Observations are interpreted directly with interviewees to ensure there is agreement on the reasons behind their actions. This technique helps mitigate consequences from acting on untested assumptions or confirmation bias.

Most projects require about one to two dozen interviews, each about 2 hours in duration. Prior to conducting interviews, a focus-setting activity identifies the problem or opportunity you wish to explore which is then translated into an understanding of the kinds of people to interview and the kinds of activities to pay attention to during the interviews.

During each interview, detailed data are gathered about what the interviewee is doing, why they are doing it, and the important issues they face. Data captured from the interviews is used to produce an actionable research insight report that summarizes user issues and offers recommendations.

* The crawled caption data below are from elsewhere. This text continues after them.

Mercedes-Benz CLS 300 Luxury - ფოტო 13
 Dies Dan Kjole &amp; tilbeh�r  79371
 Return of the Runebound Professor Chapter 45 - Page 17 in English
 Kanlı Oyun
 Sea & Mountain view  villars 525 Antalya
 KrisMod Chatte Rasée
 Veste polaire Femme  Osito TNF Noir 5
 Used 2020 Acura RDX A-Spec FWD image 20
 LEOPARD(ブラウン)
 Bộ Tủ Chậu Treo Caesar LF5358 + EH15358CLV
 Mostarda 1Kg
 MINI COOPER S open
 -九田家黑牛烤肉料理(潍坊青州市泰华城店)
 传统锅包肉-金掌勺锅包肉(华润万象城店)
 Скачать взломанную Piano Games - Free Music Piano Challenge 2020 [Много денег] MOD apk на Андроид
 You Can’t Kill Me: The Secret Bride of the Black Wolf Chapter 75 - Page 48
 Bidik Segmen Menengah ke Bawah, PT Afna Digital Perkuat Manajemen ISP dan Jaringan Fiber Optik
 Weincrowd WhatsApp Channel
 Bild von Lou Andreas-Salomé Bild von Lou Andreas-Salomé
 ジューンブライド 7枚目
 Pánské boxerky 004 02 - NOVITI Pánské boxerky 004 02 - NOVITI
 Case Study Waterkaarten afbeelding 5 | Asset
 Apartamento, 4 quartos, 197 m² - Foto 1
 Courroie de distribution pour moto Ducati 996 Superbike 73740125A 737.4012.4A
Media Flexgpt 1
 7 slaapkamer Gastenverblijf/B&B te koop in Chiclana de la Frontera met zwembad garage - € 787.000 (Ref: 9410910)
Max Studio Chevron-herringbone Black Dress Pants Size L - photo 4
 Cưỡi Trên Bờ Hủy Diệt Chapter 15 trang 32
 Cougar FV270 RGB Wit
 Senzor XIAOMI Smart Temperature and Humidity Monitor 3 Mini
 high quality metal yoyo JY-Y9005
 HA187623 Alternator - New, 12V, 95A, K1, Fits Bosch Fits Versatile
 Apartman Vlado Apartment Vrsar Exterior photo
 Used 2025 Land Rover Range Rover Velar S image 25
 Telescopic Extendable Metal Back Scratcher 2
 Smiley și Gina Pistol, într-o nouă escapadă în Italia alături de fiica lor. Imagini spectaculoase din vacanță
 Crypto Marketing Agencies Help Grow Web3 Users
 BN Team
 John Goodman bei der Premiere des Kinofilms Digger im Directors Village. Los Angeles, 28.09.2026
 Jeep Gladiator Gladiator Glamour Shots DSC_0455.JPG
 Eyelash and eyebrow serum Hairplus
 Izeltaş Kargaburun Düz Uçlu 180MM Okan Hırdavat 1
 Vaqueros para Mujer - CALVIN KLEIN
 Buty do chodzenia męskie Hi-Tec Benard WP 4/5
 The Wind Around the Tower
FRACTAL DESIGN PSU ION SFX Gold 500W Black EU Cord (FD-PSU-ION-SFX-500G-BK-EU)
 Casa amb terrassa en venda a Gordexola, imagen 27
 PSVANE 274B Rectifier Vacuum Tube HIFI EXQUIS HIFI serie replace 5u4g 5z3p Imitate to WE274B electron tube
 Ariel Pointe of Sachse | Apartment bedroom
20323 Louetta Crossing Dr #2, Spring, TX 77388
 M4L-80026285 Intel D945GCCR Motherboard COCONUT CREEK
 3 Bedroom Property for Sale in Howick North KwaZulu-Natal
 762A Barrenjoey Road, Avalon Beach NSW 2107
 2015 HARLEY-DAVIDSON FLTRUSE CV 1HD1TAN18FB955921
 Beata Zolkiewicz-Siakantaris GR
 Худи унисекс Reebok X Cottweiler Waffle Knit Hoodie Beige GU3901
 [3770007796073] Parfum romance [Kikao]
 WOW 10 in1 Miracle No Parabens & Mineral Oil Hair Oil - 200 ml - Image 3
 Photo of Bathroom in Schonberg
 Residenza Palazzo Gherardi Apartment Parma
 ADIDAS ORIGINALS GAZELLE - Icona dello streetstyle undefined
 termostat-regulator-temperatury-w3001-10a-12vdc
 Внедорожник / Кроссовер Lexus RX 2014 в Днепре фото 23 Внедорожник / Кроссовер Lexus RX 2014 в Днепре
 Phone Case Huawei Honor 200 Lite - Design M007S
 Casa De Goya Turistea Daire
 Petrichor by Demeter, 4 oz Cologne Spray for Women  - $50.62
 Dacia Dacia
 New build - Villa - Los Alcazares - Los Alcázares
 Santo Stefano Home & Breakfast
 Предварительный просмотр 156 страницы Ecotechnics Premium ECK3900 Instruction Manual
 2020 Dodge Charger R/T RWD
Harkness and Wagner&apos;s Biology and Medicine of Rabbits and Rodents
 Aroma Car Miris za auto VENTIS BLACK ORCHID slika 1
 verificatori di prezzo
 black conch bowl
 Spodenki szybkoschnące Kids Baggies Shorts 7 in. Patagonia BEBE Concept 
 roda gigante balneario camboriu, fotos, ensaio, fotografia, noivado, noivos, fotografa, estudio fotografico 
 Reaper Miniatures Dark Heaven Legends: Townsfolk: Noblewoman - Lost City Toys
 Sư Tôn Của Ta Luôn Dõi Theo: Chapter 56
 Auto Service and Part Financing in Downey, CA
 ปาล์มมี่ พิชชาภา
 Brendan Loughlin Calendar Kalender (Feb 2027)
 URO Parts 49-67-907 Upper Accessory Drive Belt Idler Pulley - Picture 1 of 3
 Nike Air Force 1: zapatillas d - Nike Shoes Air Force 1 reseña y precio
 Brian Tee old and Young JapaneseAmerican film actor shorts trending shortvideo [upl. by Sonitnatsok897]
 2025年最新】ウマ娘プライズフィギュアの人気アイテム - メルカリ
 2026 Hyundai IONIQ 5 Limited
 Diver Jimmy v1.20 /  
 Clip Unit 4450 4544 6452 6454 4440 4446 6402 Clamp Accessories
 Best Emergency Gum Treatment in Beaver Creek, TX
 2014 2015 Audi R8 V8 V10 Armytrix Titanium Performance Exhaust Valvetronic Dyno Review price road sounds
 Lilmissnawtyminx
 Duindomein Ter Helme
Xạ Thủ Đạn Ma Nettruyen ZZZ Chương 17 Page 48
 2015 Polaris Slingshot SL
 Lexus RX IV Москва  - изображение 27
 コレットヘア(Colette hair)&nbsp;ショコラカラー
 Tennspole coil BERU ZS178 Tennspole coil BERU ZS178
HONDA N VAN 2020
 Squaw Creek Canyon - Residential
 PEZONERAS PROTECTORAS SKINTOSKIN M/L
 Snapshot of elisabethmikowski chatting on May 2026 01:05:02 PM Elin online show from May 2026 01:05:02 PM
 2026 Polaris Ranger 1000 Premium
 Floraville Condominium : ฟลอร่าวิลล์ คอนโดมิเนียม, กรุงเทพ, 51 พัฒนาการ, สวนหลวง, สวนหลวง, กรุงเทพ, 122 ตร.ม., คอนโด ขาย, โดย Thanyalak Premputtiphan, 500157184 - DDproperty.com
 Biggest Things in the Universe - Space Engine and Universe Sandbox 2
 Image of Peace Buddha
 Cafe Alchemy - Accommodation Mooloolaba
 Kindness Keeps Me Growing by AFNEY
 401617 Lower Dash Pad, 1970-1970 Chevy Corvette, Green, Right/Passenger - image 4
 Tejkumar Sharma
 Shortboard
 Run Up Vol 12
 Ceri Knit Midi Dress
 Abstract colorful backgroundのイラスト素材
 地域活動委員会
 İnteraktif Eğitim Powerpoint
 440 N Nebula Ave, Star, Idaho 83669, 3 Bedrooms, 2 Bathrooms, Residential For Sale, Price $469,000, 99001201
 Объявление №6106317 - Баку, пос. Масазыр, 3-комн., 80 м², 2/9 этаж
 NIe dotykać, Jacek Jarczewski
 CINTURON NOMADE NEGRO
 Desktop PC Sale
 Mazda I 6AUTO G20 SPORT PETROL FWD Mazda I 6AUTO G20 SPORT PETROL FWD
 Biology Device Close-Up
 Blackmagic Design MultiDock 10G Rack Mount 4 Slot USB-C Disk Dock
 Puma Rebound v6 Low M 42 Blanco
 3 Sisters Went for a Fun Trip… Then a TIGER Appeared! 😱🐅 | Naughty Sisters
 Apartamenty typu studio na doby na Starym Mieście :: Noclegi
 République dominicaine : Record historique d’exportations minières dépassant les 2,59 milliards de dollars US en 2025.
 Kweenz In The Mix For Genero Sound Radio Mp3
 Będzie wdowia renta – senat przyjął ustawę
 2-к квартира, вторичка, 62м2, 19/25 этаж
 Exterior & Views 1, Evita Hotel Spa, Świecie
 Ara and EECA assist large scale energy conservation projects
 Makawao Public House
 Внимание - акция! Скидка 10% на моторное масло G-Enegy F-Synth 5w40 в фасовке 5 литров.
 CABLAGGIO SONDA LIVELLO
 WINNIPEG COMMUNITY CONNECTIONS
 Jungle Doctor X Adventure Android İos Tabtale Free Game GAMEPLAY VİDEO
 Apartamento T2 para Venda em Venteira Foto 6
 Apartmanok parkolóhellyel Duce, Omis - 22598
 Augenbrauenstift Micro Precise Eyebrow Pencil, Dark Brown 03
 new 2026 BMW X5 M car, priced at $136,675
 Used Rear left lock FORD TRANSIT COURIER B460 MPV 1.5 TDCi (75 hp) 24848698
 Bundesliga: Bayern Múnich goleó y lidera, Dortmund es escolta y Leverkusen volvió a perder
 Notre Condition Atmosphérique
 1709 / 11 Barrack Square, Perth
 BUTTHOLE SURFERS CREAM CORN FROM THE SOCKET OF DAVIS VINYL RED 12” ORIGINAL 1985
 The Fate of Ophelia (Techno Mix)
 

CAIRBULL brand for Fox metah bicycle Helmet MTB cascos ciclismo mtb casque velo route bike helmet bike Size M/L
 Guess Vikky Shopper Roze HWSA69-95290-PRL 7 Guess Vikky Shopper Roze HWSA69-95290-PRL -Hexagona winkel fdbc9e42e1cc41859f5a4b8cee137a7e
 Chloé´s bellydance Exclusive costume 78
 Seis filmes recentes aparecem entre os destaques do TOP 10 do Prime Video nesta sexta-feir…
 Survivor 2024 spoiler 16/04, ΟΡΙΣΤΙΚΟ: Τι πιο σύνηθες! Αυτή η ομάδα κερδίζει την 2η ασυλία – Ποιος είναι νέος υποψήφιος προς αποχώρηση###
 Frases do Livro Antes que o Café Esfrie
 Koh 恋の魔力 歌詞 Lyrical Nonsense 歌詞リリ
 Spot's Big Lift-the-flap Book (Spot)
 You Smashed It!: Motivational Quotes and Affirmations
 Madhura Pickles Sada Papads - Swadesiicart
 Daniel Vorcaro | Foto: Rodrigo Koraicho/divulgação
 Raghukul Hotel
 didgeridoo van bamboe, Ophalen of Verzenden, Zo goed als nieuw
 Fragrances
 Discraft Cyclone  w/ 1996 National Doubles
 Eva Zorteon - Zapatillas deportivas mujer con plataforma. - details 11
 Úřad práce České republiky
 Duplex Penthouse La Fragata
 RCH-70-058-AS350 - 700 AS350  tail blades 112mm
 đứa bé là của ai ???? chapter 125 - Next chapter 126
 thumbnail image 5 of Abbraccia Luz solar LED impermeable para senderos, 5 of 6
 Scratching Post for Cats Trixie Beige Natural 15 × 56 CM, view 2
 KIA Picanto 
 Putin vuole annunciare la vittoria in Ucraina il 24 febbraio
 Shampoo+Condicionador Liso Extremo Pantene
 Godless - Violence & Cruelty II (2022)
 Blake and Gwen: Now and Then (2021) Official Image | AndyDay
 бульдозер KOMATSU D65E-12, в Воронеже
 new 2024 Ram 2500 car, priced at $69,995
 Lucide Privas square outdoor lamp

Cross-functional team participates in an immersive visioning workshop, inspired by the user data to invent new user experiences
To ideate from the user data, you have the option to engage in facilitated team visioning exercises. Team members first immerse themselves in provided consolidated models arising from the interview data to prime their brains with issues and ideas grounded in your users’ reality.

The team identifies overarching themes around which they, together, invent stories of ways to improve the work or lives of users by taking advantage of their knowledge of technology, materials, and business processes. Multiple stories are sketched as visions representing a future experience for your users, then evaluated and improved to resolve technical infeasibilities and business constraints.